Rather than comb through these well-written volumes looking for things to pick apart, this review will focus on their overall content. I'll be looking at how easy it is to use each book as a tutorial and as a reference, general readability, and those particular features of each book that add value. Occasional pitfalls and omissions crop up, and I'll clue you in on those as well.
The major difference among the books is not in quality (which is uniformly high), but in content, which goes beyond the basic JavaBeans model to educate the reader about the broader context of Java development.

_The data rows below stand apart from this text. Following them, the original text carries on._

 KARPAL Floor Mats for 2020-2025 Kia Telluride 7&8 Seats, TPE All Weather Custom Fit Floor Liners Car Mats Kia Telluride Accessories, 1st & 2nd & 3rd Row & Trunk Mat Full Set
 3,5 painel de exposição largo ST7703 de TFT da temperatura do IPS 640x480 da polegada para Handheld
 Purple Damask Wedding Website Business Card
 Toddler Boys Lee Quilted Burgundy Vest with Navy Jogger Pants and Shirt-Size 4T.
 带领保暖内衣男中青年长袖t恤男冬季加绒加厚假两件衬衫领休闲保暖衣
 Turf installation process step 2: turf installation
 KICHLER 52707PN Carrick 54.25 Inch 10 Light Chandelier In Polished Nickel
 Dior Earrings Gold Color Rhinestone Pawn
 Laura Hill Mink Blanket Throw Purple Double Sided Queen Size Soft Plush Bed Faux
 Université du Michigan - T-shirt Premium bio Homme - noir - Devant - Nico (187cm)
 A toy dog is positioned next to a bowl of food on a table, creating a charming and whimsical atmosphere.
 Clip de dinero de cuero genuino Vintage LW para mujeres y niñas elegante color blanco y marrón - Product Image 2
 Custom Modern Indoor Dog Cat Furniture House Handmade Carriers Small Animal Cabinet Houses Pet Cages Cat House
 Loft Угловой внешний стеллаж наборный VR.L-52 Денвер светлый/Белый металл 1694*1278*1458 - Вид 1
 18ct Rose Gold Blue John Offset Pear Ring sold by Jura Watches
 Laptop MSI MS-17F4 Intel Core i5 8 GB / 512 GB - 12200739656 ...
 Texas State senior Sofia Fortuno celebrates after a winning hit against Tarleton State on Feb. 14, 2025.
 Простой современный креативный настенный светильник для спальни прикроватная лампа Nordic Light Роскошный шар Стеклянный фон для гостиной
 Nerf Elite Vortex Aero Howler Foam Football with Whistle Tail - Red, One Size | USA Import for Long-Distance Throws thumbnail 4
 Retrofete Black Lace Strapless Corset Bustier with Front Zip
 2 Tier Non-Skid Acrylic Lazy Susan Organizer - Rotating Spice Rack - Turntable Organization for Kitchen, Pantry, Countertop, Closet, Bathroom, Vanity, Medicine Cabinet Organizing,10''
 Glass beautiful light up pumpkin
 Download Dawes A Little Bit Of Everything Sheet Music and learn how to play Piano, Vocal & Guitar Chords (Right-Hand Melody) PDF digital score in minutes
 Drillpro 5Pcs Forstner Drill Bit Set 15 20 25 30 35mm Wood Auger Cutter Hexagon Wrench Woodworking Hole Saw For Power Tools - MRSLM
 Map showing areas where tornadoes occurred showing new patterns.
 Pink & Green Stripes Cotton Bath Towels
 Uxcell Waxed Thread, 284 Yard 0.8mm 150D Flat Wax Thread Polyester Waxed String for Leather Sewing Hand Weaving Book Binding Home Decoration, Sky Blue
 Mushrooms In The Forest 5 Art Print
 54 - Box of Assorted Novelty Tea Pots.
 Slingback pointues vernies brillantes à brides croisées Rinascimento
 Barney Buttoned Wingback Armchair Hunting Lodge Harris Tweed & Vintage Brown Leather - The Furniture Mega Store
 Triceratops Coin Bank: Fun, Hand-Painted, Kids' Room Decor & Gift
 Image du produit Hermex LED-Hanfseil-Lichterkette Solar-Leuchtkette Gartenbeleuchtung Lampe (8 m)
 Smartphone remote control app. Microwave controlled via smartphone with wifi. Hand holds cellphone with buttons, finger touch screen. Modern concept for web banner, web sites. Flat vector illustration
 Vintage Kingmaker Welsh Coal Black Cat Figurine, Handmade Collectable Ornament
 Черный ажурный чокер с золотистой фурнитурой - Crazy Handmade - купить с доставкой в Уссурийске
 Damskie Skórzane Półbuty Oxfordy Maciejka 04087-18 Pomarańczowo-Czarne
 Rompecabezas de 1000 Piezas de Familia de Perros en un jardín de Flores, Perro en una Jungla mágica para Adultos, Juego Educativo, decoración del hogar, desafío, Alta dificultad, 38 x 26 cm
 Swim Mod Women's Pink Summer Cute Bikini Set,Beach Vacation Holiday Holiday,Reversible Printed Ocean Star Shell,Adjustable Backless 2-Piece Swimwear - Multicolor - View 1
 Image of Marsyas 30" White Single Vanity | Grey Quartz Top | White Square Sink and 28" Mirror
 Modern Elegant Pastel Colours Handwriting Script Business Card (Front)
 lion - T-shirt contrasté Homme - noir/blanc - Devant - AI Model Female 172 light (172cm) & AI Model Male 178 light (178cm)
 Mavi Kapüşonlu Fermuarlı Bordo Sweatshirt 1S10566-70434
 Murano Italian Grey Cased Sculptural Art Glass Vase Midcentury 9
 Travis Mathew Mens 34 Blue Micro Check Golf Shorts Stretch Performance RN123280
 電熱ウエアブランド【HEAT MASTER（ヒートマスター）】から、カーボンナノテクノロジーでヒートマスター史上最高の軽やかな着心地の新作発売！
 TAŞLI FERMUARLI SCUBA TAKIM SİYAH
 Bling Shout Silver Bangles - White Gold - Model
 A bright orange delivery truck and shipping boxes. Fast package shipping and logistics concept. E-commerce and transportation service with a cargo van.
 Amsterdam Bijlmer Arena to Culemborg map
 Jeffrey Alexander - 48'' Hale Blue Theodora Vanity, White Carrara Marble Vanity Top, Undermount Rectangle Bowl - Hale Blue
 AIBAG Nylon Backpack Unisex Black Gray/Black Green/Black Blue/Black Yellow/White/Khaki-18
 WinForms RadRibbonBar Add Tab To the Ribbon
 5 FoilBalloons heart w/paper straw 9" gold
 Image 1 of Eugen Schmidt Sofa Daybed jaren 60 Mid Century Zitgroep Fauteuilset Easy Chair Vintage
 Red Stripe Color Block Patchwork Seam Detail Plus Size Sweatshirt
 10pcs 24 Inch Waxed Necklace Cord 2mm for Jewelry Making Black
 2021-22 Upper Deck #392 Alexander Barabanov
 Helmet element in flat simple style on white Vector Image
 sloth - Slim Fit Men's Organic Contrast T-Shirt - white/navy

Elliotte Rusty Harold is a prolific writer, and has several Java-related books to his name. (See Resources for a list of his books.) His newest effort, JavaBeans: Developing Component Software in Java (355 pages, IDG Books), is an accessible and entertaining introduction to JavaBeans technology. That this book was written in a bit more than four months, frankly, is astounding: There's a lot of valuable material here, and the book is well-written.
Section 1: Introducing JavaBeans
The book opens with a high-level look at component software, introducing the reader to the general concepts involved in using
software components, and describing some of their benefits. The first chapter, "Introducing JavaBeans," also covers definitions
of such terms as persistence, introspection, event handling, and distributed computing. This chapter provides an explanation
of other component models, including CORBA, Visual Basic VBX files, and an amusing critique of Microsoft's entrant into the
component technology world, ActiveX. This author certainly makes his views clear on the quality of what's coming out of Redmond!
JavaBeans continues with short discussions of the key technologies specific to JavaBeans technology, including persistence, packaging (JAR files), events, security, and networking. An extended introduction to the BeanBox demonstrates these technologies from the "outside," showing how they work in the BeanBox. The BeanBox is followed by a very simple tutorial example -- creating a JavaBean from scratch. This demonstrates how the simpler features of JavaBeans work, discussing some of the programming issues that inevitably arise.
Section 2: Key Technologies
JavaBeans' second section, "Key Technologies," expands on the basic concepts found in the first part of the book. This section includes
code samples and points out potential pitfalls, confusions, and flaws in the Java API. (Programmers can be hard to please.)
"Reading Signatures at Runtime," a chapter on using java.lang.reflect (the Java "reflection" mechanism), describes how builder tools figure out a class's methods, event sets, fields, and modifiers,
and describes how to use reflection in a Java program. Because most JavaBeans developers will seldom, if ever, need to use
reflection, it may have been more logical to put this section toward the end of the book, perhaps even as an appendix. The
author does explicitly state, however, that he believes developers should always know more than they have to know, and he delivers on this premise by providing good technology backgrounders like the reflection chapter.